Pierre and Bismarck, on the Missouri river, and Sidney and Cheyenne, on the Union Pacific railroad, became the supply depots of the new mining regions, and, at that period, enjoyed a prosperity which they have not equaled since. All the passes leading into “the Hills,” from the points mentioned, swarmed with hostile Indians, most of whom were well fed at the agencies, and all of whom boasted of being better armed, and better supplied with fixed ammunition, than the soldiers of regular army. The rocks of Buffalo Gap and the Red Cañon, particularly, rang with the rifle shots of the savages, and the return fire of the hardy immigrants, many of whom paid with their lives the penalty of their ambition. The stages that ran to “the Hills” from the towns on the Missouri and the Union Pacific rarely ever escaped attack - sometimes by robbers, but oftenest by Indians. All passengers, even the women, who were, at that time, chiefly composed of the rough, if not absolutely immoral, class, traveled with arms in their hands ready for immediately action. Border ruffians infested all the cities, and, very soon, became almost as great a menace to life and property as the savages themselves. Murders and suicides occurred in abundance, as the gambling dens increased and the low class saloons multiplied. Notwithstanding these discouragements, the period of 1874, ‘75 and ’76 was the Augustan era, if the term be not too transcendental, of the Black Hills. The placer mines were soon exhausted, and, as it required capital to work the quartz ledges, the poor miners, or the impatient ones, who hoped to get rich in a day, quickly “stampeded” for more promising regions, and left the mushroom “cities” to the capitalists, the wage workers, the gamblers, the women in scarlet, and to these, in later days, may be added the rancheros, or cattle men.

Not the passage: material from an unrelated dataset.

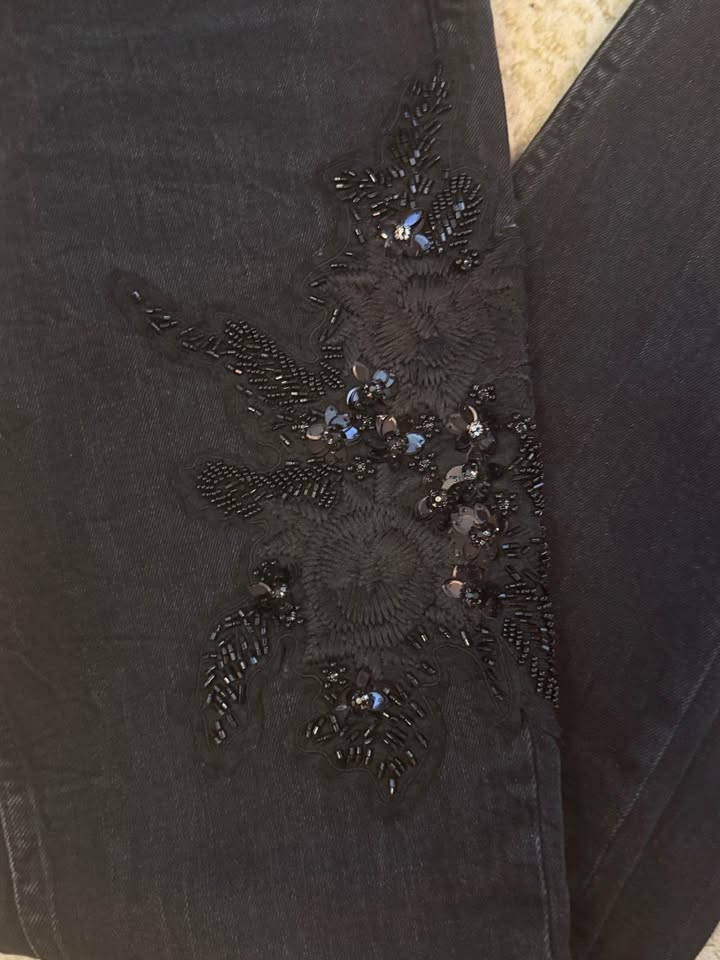 Zara Decal Jeans - photo 2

The last Deadwood stage coach drive.

Morality has greatly improved in “the Hills” since 1876, and business has settled down to a steady, old fashioned gait, but the first settlers still remember, with vague regret, the whisky was bad and fighting general; when claims were held dear and life cheap; when the bronzed hunter, or longhaired “scout,” strutted around in half savage pride, and when the renowned “Wild Bill,” who subsequently met a fate so sudden and so awful, was at once the glory and the terror of that active, but primitive, community.

Wild Bill Hickok, famous gunman and gambler. Shortly after marrying he ditched his bride in Cinncinati for the Black Hills. He was shot in the head playing a round of poker, his cards, a hand of aces and eights became the Dead Man's Hand.